Bu çalışmada, endüstride kullanılan Brilliant Yeşili (Brilliant Green), Anilin Mavisi (Aniline Blue), Malakit Yeşili (Malachite Green), Kongo Kırmızısı (Congo Red) ve Brilliant Krezil Mavisi (Brilliant Cresyl Blue) boyar maddelerinin ticari Amberlite XAD-4, XAD-7 ve XAD-16 üzerine sulu ortamdan adsorpsiyonu kesikli ve sürekli sistemde incelenmiştir. Adsorbanın kapasitesini belirleyebilmek için Langmuir ve Freundlich izotermleri çizilmiş ve izotermlere ait katsayılar hesaplanarak hangi mekanizmaya uygunluk sağladığı belirlenmiştir. Bunun yanında uygun deney koşullarının bulunması amaçlanmış ve bu
amaçla kirletici başlangıç konsantrasyonu, reçine miktarı, temas süresi, sıcaklık ve pH değerleri deneysel olarak değiştirilerek en etkin olanı bulunmuştur. Seçilen boyar maddelerden Anilin Mavisi’nin her üç reçine üzerine de oldukça hızlı biçimde tutunduğu görülmüştür. Tüm boyar maddeler için en uygun ve etkili reçinenin XAD-7 olduğu söylenebilmektedir. Yapılan denemeler sonucu en uygun reçine miktarı olarak 0,2 g /25 mL ve başlangıç konsantrasyonu da 20 mg.L-1 seçilmiştir. İncelenen pH aralığında en etkin adsorpsiyonun boyar madde çözeltilerinin doğal pH değerlerinde gerçekleştiği görülmüş ve denemelere bu şekilde devam edilmiştir. Sıcaklık artışının adsorpsiyona olumlu katkı yaptığı belirlenmiştir.

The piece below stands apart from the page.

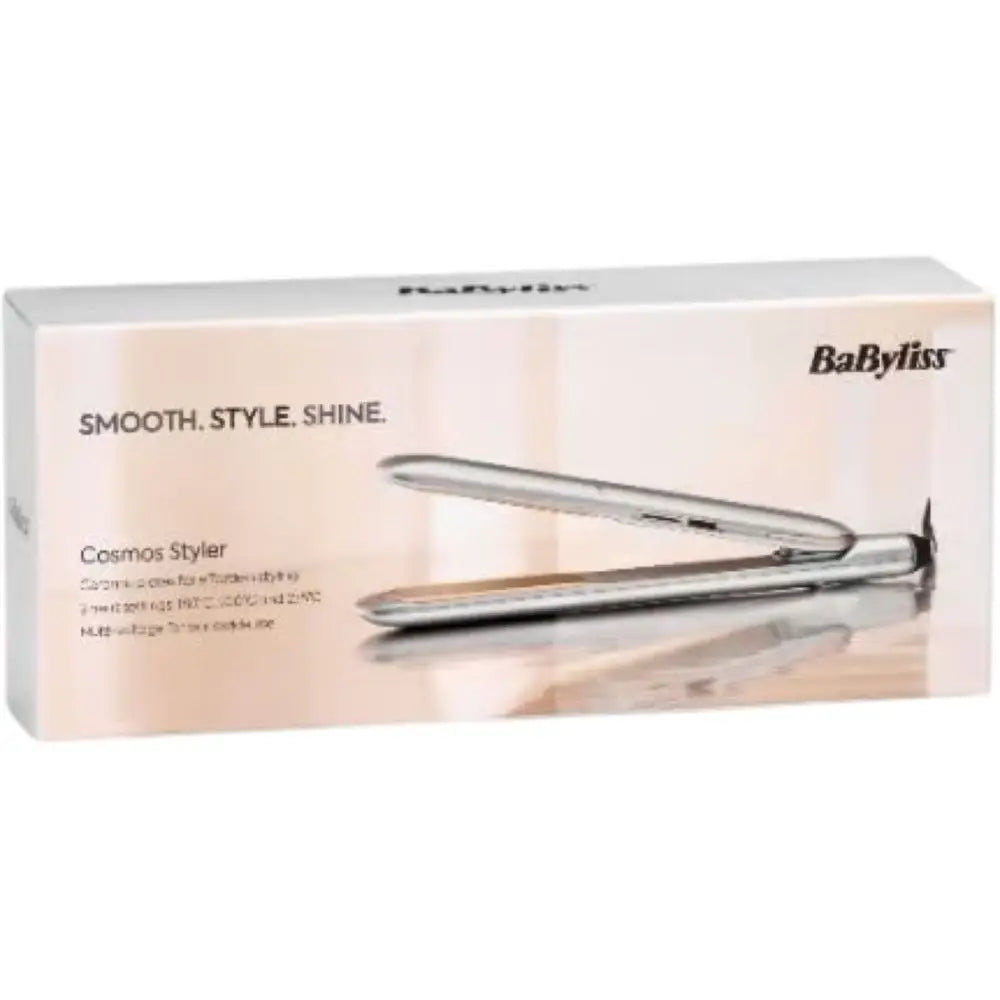 BaByliss Cosmos Styler Smooth Sleek Hair Straightener with 25mm Ceramic Plates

Yalancı birinci mertebe ve yalancı ikinci mertebe kinetik mekanizmaları incelenmiş ve içlerinden uygun olanı belirlenmiştir. Buna göre neredeyse tüm boyar maddelerin tüm reçineler üzerine olan adsorpsiyon işlemlerinin yalancı ikinci mertebe kinetiğini izlediği bulunmuştur. Farklı sıcaklıklarda yapılan denemelerden yararlanılarak reaksiyonlara ait termodinamik veriler hesaplanmıştır. Tüm boyar maddeler ve reçineler için ΔGo değerleri negatif, ΔHo ve ΔSo değerleri ise pozitif bulunmuştur. Bu da tüm boyar maddeler ve reçineler için adsorpsiyonun kendiliğinden gerçekleşen endotermik bir işlem olduğunu ifade etmektedir. Tezde ayrıca sürekli sistem kullanarak reçinelerin rejenerasyonu incelenmiş ve endüstriyel uygulamalar açısından önemi olan yeniden kullanılabilirlikleri deneysel olarak belirlenmiştir. Sürekli sistemde XAD-7 reçinesi üzerine tutunmuş olan boyar maddelerin uygun çözeltilerle desorpsiyonu sağlanmıştır. Art arda gerçekleştirilen beş adsorpsiyon-desorpsiyon döngüsü boyunca adsorpsiyon etkinliğinin en fazla %5 azaldığı görülmüştür.